▶ [DATASET]
Segment Open
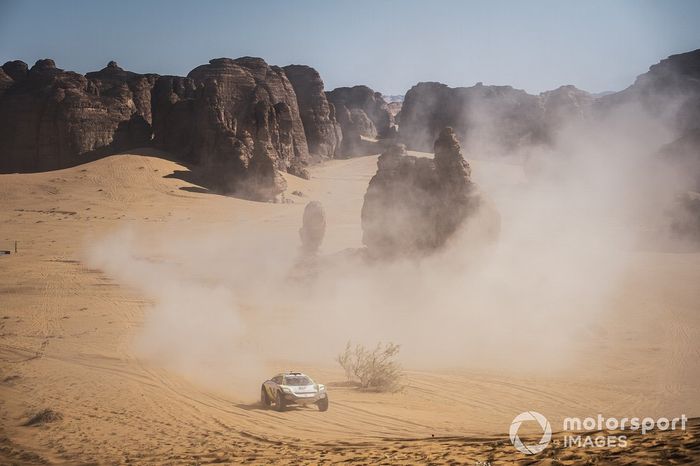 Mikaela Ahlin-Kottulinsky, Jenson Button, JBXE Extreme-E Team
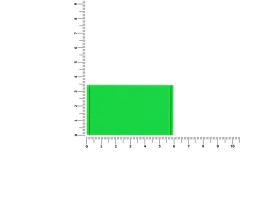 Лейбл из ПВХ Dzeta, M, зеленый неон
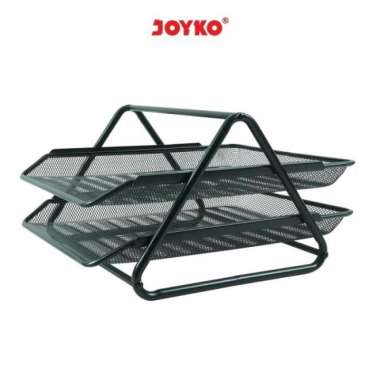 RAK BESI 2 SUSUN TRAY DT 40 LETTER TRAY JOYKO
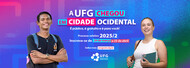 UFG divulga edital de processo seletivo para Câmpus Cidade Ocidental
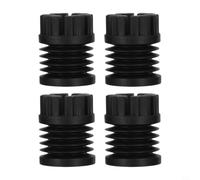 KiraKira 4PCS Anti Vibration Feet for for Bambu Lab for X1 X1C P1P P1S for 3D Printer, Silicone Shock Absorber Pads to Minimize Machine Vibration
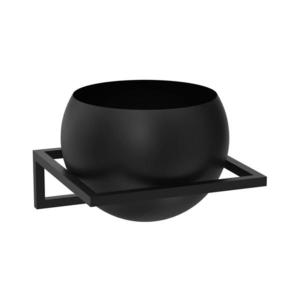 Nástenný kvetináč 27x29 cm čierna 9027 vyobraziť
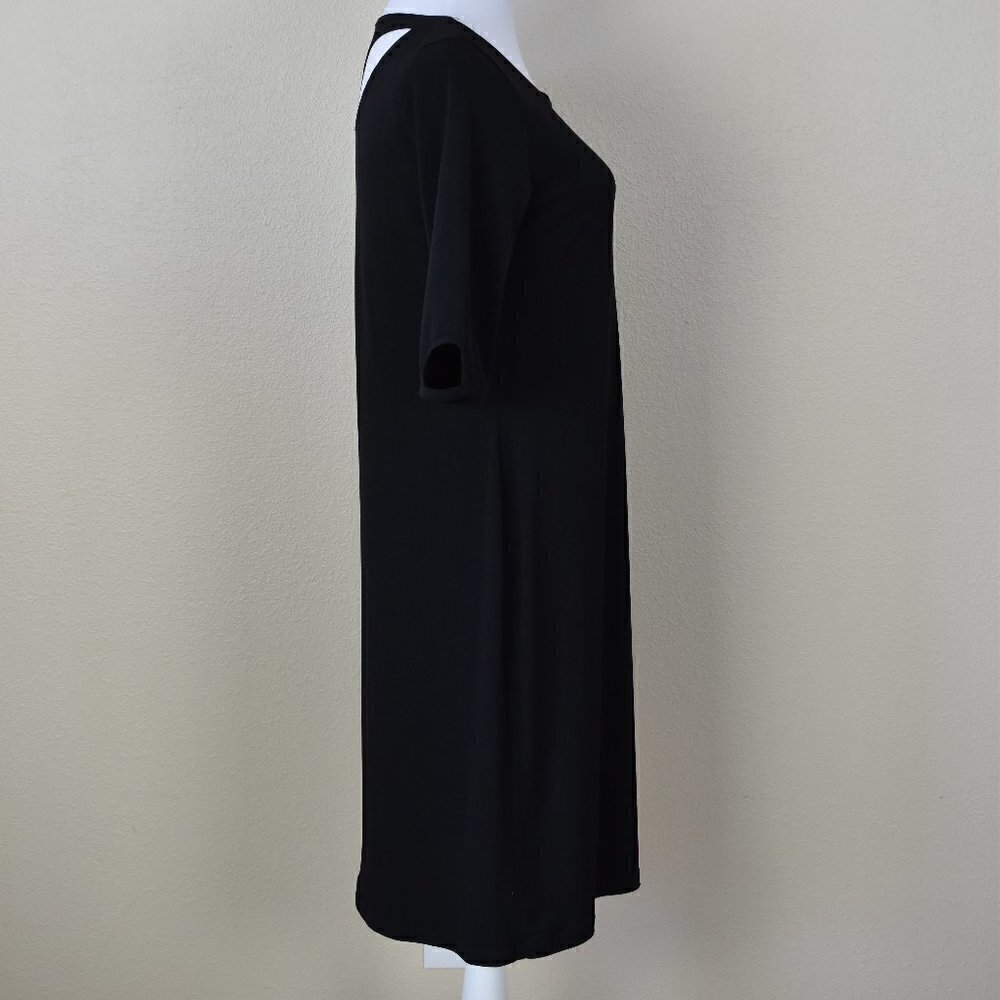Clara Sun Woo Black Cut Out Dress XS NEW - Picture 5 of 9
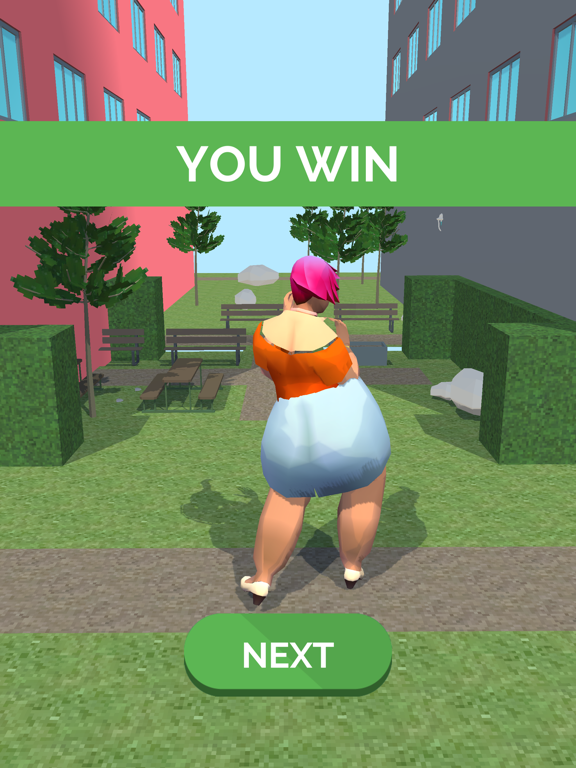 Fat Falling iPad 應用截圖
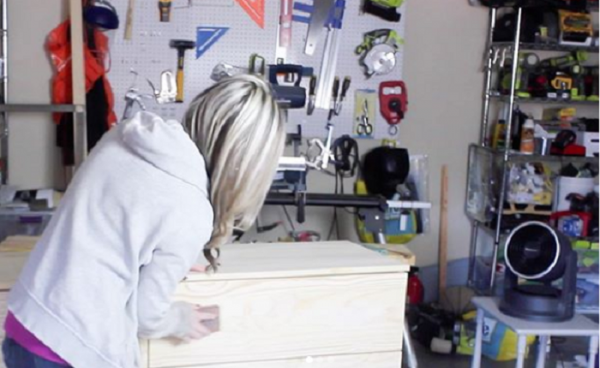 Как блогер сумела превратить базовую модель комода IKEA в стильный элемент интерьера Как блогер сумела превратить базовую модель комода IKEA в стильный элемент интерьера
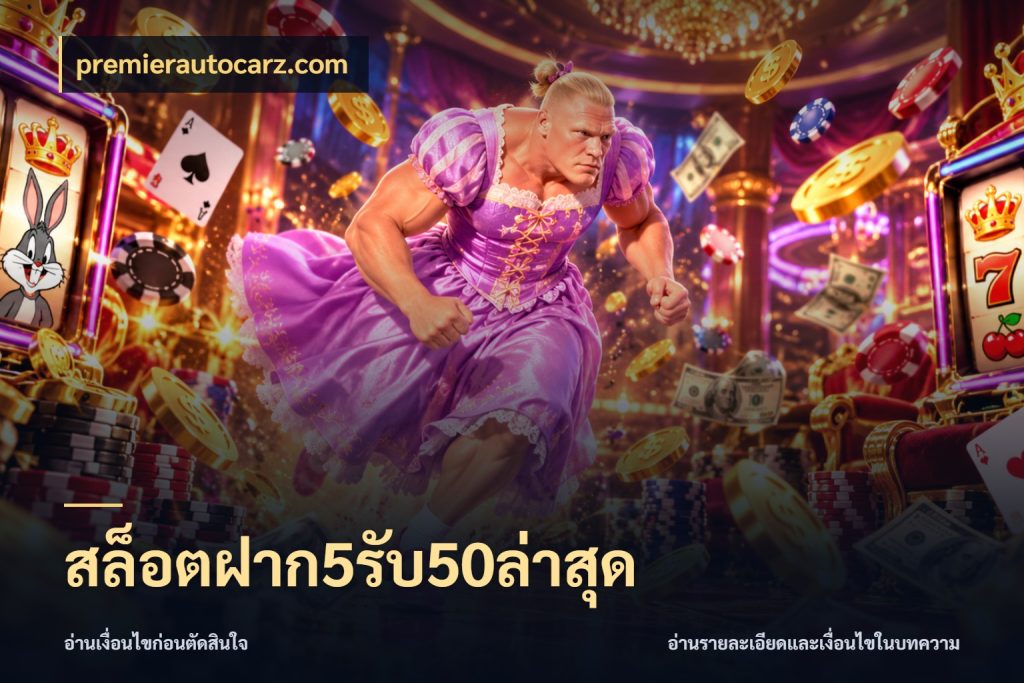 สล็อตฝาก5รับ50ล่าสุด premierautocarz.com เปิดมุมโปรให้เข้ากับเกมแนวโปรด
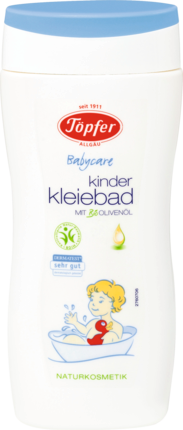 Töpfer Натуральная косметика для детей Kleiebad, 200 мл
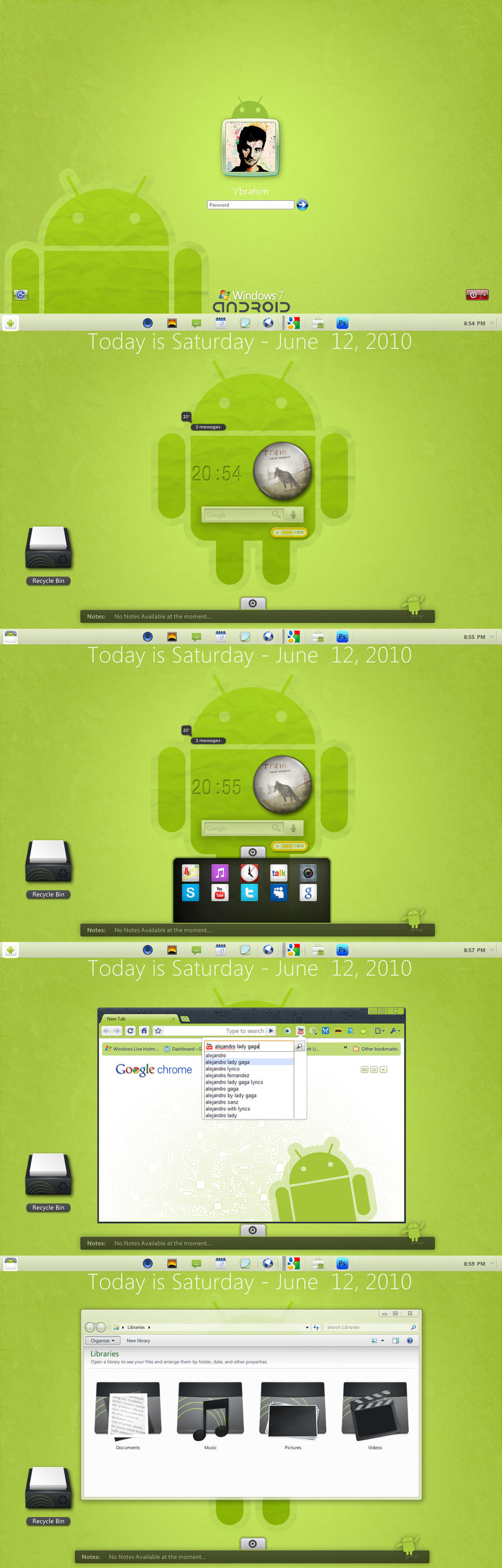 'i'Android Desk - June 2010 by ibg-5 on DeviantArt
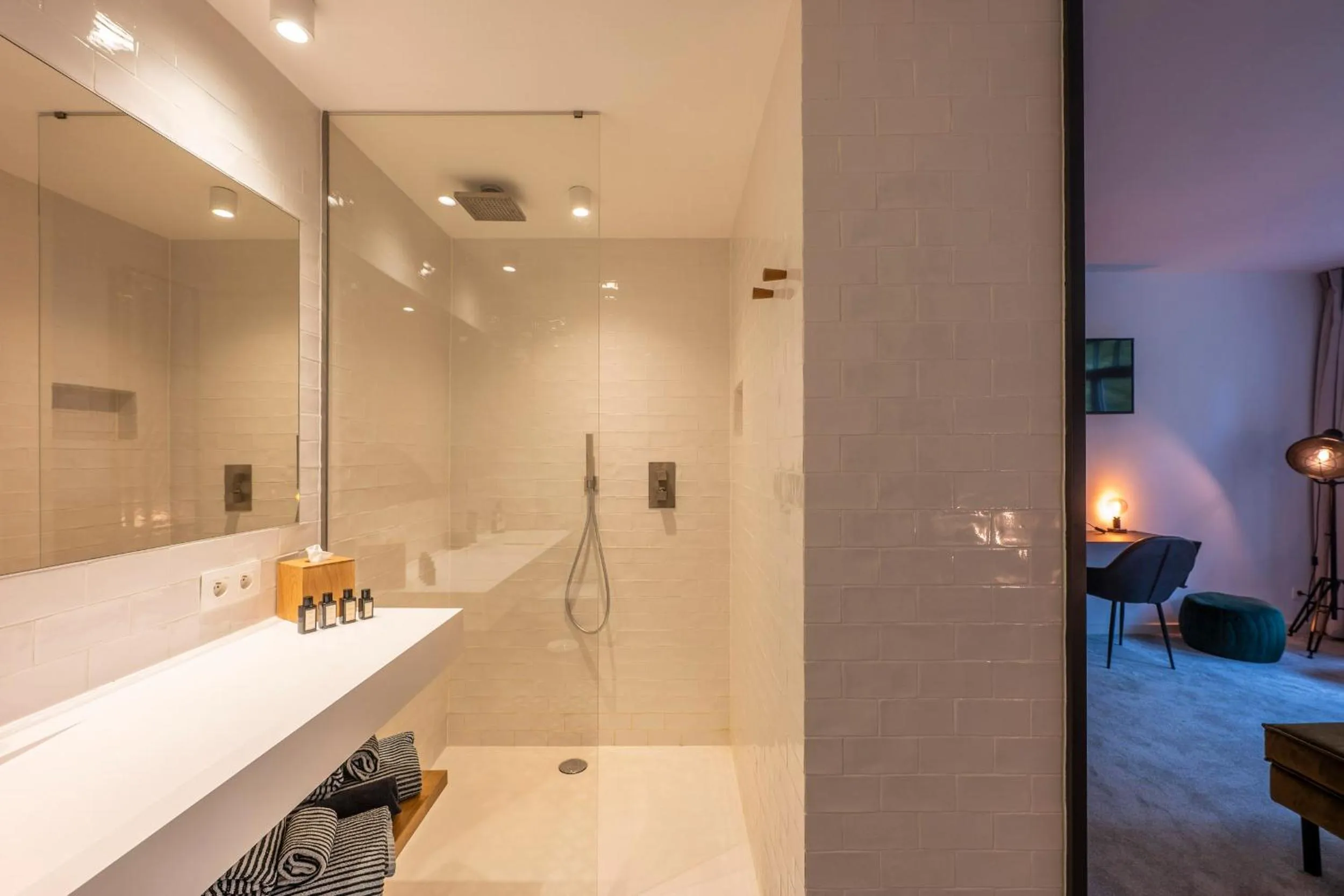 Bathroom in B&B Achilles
Segment Closed
▶ [WHAT IS NEEDED] Would you set down the entries exactly as given, minus their pictures?

▶ [OUTPUT OF THE EXERCISE]
 Mikaela Ahlin-Kottulinsky, Jenson Button, JBXE Extreme-E Team
 Лейбл из ПВХ Dzeta, M, зеленый неон
 RAK BESI 2 SUSUN TRAY DT 40 LETTER TRAY JOYKO
 UFG divulga edital de processo seletivo para Câmpus Cidade Ocidental
 KiraKira 4PCS Anti Vibration Feet for for Bambu Lab for X1 X1C P1P P1S for 3D Printer, Silicone Shock Absorber Pads to Minimize Machine Vibration
 Nástenný kvetináč 27x29 cm čierna 9027 vyobraziť
Clara Sun Woo Black Cut Out Dress XS NEW - Picture 5 of 9
 Fat Falling iPad 應用截圖
 Как блогер сумела превратить базовую модель комода IKEA в стильный элемент интерьера Как блогер сумела превратить базовую модель комода IKEA в стильный элемент интерьера
 สล็อตฝาก5รับ50ล่าสุด premierautocarz.com เปิดมุมโปรให้เข้ากับเกมแนวโปรด
 Töpfer Натуральная косметика для детей Kleiebad, 200 мл
 'i'Android Desk - June 2010 by ibg-5 on DeviantArt
 Bathroom in B&B Achilles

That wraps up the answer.